Puck is pretty reasonable with his vocalizations. He uses them to communicate. He can be loud, but as long as I keep him happy, he's pretty quiet. He does chatter when there's noise going on, which I love. Sometimes he gets in bad moods or is agitated for some reason and will be loud. We live in a studio apartment together, so I don't have the problem of calling when going into other rooms, because there aren't other rooms! If I go out of sight, most days, he won't call anymore, although he did at first.

I think if you know how to manage a bird, a caique will be pretty good. He's friendly with everyone (skittish with some people but will warm up), and he's quite the clown. I like that he's friendly, because I'm on the shy side. He's snuggly when he wants to be, and lets me kiss him all over (on his terms, lol). He's very communicative if he wants/needs something, even if it takes me a while to figure out what it is. He's smart, but doesn't speak much human.

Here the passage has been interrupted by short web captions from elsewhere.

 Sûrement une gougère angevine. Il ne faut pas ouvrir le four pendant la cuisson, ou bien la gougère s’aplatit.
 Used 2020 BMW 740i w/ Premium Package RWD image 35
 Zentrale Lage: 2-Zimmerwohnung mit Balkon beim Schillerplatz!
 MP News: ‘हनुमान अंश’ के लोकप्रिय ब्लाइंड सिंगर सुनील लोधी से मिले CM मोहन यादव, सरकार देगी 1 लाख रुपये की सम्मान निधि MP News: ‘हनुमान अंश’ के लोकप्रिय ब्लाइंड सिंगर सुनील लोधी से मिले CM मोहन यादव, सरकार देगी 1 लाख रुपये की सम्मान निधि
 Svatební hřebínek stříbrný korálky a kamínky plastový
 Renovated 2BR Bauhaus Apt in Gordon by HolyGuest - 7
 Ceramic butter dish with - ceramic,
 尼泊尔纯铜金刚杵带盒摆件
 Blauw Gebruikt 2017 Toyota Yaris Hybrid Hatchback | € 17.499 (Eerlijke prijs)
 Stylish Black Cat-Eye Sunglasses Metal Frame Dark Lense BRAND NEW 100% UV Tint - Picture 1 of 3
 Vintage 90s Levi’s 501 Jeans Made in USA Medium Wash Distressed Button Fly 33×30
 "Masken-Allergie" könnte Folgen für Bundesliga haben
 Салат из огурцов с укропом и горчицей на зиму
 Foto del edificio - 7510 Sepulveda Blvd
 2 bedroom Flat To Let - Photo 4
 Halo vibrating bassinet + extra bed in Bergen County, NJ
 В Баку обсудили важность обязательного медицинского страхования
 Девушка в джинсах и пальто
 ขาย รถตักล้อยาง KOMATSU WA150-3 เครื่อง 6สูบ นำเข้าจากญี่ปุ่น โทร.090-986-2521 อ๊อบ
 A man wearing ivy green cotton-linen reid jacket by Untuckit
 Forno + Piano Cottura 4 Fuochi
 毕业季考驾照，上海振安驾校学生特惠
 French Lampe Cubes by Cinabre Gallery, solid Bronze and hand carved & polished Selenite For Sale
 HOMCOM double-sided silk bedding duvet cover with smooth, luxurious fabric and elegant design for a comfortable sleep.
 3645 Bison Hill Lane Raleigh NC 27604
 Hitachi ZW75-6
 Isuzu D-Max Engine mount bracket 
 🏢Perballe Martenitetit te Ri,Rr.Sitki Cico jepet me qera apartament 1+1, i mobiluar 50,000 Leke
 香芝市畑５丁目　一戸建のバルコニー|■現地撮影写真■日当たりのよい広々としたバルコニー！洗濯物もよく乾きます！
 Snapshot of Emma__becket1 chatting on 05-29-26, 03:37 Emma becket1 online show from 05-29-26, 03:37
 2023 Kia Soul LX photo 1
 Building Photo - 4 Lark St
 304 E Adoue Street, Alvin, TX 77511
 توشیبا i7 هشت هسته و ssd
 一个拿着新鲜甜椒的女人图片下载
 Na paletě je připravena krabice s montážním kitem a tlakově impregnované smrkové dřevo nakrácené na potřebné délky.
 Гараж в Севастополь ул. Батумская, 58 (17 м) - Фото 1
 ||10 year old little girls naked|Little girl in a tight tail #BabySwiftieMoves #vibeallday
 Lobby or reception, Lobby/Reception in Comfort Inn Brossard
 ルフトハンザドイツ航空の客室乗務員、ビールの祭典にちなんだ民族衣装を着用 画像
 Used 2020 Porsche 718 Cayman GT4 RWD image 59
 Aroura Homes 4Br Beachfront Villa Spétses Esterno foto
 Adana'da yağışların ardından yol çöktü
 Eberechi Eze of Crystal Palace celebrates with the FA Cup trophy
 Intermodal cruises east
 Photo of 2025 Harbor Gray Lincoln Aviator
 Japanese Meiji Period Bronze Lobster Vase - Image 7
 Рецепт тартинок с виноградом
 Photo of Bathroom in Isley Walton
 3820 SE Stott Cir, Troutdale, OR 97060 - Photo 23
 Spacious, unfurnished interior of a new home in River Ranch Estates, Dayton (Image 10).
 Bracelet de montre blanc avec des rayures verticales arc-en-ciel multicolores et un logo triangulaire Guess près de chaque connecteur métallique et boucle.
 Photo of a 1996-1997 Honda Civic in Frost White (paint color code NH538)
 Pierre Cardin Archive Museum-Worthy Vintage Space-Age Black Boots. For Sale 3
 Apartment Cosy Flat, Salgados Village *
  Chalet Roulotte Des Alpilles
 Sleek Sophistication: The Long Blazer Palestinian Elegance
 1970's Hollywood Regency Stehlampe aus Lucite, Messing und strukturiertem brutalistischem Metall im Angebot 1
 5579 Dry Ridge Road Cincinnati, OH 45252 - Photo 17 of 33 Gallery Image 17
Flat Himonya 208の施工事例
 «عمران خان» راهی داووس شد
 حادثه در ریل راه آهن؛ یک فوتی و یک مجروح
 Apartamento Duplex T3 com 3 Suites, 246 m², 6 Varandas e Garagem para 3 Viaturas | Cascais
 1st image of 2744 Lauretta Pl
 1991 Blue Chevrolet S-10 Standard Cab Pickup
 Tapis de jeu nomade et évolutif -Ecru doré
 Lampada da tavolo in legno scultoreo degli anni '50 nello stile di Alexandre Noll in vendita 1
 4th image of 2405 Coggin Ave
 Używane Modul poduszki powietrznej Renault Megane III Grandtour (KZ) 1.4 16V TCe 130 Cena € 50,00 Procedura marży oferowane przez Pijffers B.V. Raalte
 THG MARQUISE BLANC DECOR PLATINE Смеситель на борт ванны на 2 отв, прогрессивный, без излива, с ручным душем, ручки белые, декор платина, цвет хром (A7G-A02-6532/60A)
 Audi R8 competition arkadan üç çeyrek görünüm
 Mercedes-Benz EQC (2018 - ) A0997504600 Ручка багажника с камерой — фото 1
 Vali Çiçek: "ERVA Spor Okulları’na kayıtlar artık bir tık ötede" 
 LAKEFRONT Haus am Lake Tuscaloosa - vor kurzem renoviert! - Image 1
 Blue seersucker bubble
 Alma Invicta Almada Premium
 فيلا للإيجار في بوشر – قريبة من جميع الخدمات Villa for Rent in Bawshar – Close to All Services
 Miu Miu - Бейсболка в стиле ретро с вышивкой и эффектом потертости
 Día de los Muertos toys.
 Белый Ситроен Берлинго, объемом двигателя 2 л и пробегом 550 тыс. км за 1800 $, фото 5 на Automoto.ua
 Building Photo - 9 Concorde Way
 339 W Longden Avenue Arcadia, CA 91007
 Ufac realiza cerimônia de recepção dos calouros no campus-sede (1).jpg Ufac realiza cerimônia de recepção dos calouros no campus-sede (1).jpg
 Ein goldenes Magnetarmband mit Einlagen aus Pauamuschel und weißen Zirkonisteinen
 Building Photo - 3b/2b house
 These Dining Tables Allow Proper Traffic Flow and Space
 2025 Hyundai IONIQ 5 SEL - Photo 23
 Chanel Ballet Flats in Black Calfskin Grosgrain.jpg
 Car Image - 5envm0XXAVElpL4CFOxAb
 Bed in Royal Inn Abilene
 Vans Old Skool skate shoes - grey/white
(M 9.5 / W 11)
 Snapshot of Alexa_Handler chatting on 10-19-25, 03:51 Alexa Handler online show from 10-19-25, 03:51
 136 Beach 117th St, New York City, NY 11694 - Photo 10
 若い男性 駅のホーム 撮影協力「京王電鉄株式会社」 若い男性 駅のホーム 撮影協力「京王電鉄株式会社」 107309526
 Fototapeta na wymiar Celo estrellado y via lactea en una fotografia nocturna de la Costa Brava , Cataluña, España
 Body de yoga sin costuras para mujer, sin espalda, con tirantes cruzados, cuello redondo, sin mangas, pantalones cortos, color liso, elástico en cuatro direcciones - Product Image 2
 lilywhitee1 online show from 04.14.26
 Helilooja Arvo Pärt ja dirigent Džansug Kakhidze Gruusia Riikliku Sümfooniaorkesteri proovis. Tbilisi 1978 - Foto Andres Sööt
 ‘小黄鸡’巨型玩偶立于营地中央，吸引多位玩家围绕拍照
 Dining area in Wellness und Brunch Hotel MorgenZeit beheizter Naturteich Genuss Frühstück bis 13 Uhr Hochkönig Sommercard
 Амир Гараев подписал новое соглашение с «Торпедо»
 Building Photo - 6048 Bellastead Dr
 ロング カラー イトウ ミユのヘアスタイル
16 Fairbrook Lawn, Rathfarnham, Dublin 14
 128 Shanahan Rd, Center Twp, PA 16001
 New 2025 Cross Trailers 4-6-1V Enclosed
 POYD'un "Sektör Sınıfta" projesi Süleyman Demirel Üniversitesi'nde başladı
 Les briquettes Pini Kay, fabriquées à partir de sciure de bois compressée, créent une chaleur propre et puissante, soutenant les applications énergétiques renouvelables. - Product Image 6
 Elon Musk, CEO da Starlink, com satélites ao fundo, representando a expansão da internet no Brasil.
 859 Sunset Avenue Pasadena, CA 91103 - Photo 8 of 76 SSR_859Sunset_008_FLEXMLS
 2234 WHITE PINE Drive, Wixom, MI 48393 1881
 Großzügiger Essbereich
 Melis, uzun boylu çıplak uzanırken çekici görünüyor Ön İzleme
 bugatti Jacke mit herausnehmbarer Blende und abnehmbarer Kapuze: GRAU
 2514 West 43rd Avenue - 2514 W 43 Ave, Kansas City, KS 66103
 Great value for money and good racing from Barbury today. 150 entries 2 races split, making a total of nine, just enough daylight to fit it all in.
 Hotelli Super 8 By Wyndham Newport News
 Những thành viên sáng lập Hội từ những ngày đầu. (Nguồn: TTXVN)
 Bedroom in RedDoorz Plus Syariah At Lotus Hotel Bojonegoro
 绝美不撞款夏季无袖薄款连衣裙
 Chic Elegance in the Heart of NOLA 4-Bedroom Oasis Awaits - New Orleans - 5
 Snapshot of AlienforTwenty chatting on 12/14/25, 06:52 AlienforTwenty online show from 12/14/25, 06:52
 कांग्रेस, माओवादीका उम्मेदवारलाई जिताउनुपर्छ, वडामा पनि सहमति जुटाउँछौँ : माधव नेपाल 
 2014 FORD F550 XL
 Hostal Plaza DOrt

They say it's not a good idea to cage them with another species though, because the caique will drive them crazy. He is very strong willed, and wants to have his way. If he doesn't want to do something, he can be hard to convince. He's been aggressive with me, but I've learned how to deal with it, and I don't have much of an issue with it now. He can get into things if left alone and out.


Uh, I guess to actually answer your question, he does make some noise, but it's manageable. I live in an apartment with him and don't have any trouble. He was loud when I first got him (probably from the stress of moving) and I remember thinking "What have I gotten myself into?!" but he's quieted down to a nice level.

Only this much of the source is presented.